RELEASED: “MJM” September 18, 2007
“E.E. Gillese J.A.”
“I agree M.J. Moldaver J.A.”
“I agree H.S. LaForme J.A.”
[^1]: Reported at 2003 ONSC 2406, [2003] O.J. No. 1838 (S.C.J.).
[^2]: Although the respondent filed a notice of appeal, her appeal was dismissed for delay.
[^3]: There is an $800 discrepancy which is unexplained by the trial judge - $38,000 + $18,000 = $56,000, not $56,800. This discrepancy is not significant because Mr. Fetter’s annual salary of $56,800 was not disputed and that figure was used by the trial judge for calculating support.
[^4]: Pursuant to s. 8(1)(c) of the Income Tax Act, R.S.C. 1985 (5th Supp.), c. 1.
[^5]: His 2002 tax return had not been filed at the time of trial.
[^6]: There is some ambiguity about Ms. Bemrose’s age. In para. 1 of the reasons, the trial judge wrote that Ms. Bemrose was 44 years of age. However, at para. 39 of the reasons, the trial judge states that Ms. Bemrose maintained that she was then 45 years old. Nothing turns on this discrepancy, however.
[^7]: See, for example, child protection cases such as Children’s Aid Society of Peel v. W.(M.J.) (1993), 1995 ONCA 593, 23 O.R. (3d) 174 (C.A.) at 193 and family law cases such as Di Nunzio v. Di Nunzio, [2006] O.J. No. 4430 (Div. Ct.) at para. 2.
[^8]: The distinction between a review of and a variation of a support order was expressed by Laskin J.A. in Andrews v. Andrews (1999), 1999 ONCA 3781, 45 O.R. (3d) 577 at para. 35: “[u]nlike on a variation application, on a review neither spouse has to demonstrate a material change in circumstances. The court determines spousal support – entitlement, amount, and duration – afresh on the facts existing at the review date.” See also Leskun v. Leskun, 2006 SCC 25, [2006] 1 S.C.R. 920 at paras. 37 and 39.
[^9]: Although Willick dealt with a variation of child support, the reasoning in Willick has been applied to variations of spousal support.
[^10]: At 688.
[^11]: This is the $64,100, as found by the trial judge, plus $5,400 of additional income from funerals which he voluntarily disclosed.

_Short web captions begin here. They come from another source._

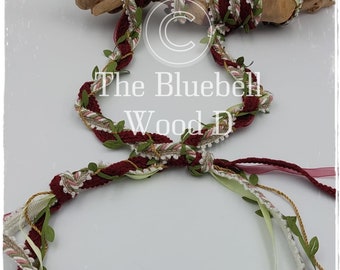 Handfasting cord / handfasting wedding / Handfasting Ceremony / Handfasting cords / wedding / Burgundy / woodland wedding / bohemian
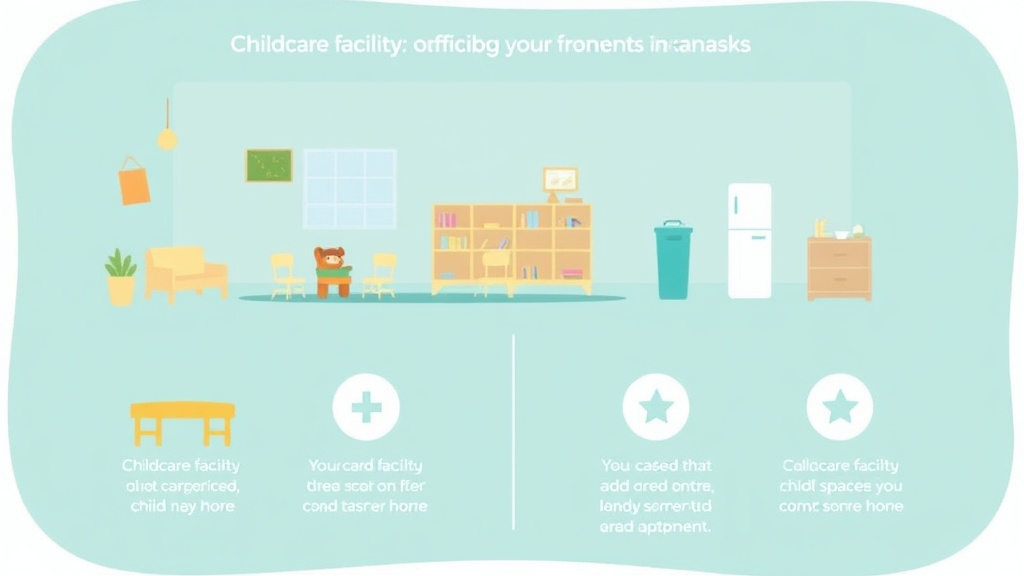 Practical workflow diagram for childcare Facility Space Requirements in Kansas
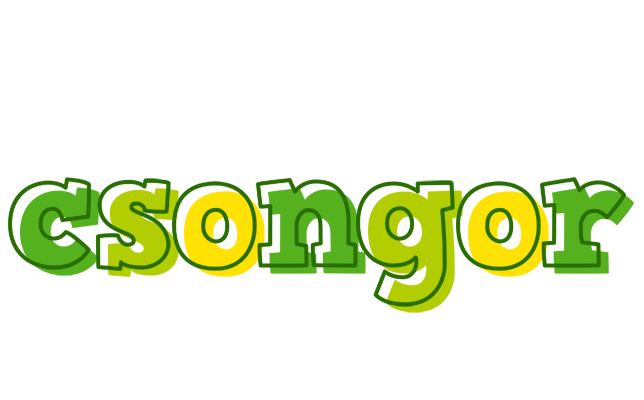 Csongor juice logo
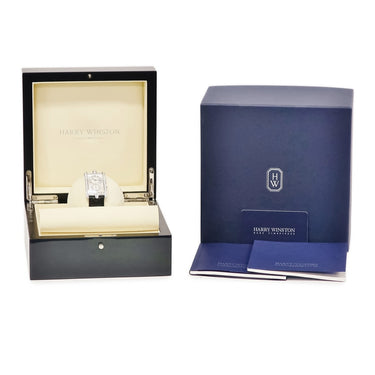 腕時計 ハリーウィンストン Harry Winston アヴェニューC ミッドサイズ 331.UQWL.MD.D3.1 クオーツ メンズ K18WG無垢 純正ダイヤ シェル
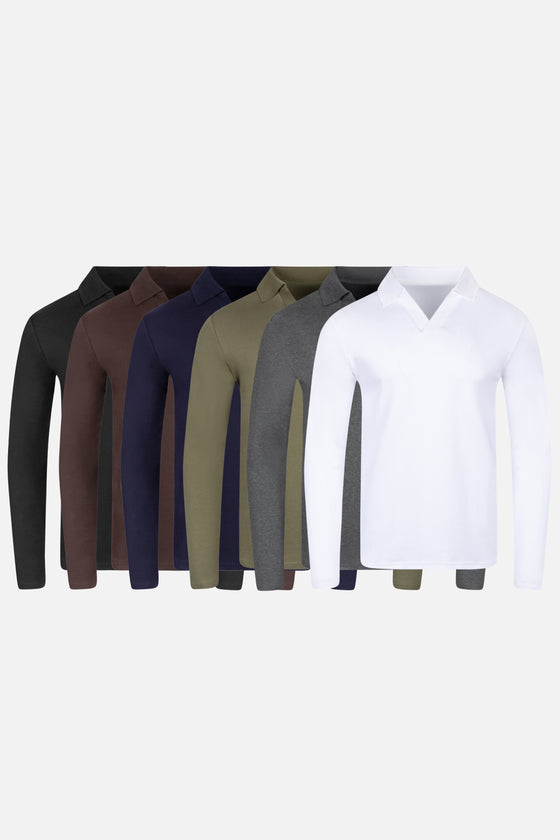 Long Sleeve Polo -6 Pack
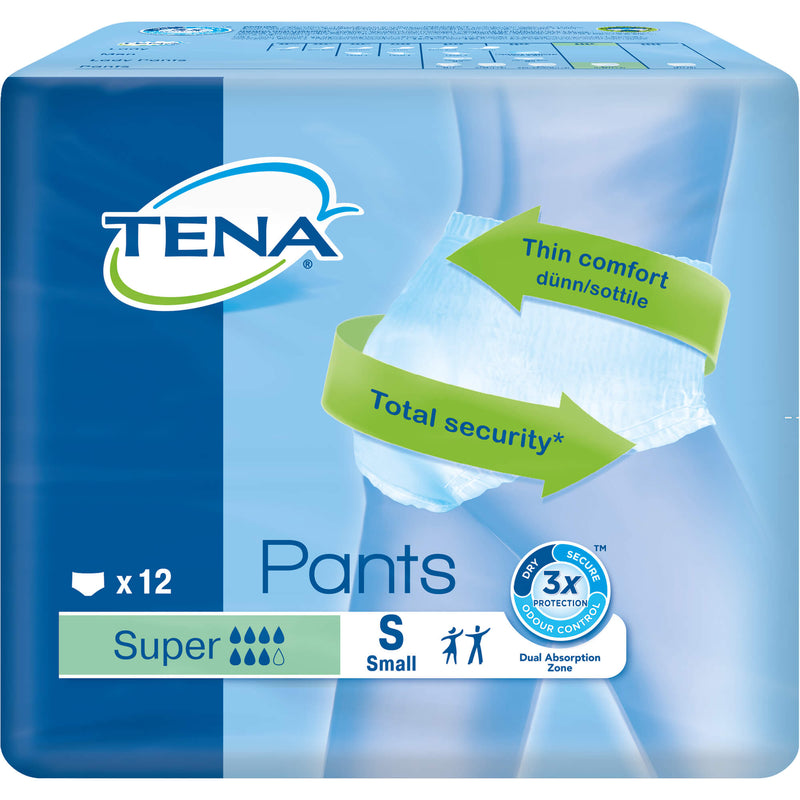 TENA PANTS SUPER S CONFIO 4X12 St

[^12]: See, for example, para. 8 of Justice Goodman’s order dated October 8, 2002, which provides that Elijah is to reside with each parent on a “two-week on, two-week off” basis and the trial Order, which is based on the assumption that Elijah’s residence was shared between the parties.
[^13]: Para. 10 of the order of Ferguson J. dated May 2, 2005, provides that if Elijah expresses a clear desire to adjust his residence arrangements, “the parties will honour his request”.
[^14]: See para. 13 of the endorsement of the motion judge dated August 8, 2005.
[^15]: I recognize that failure to find employment, despite reasonable efforts, can constitute a material change in circumstances: Trewin v. Jones (1997), 1997 ONCA 1105, 32 O.R. (3d) 225 (C.A.). However, as I have explained, the circumstances of this case are materially different from those in cases such as Trewin, especially as it was foreseen at trial that employment was dependent on seeking work outside the religious publishing field.
[^16]: The Motion was filed in January 2005. It was heard on June 13 and 14, 2005, and November 21, 2005.
[^17]: The respondent continued to make such allegations thereafter including on her motion for security for costs and in the fresh evidence motion. As these matters took place after the costs Order was made, they are not relevant to the propriety of the costs Order, however.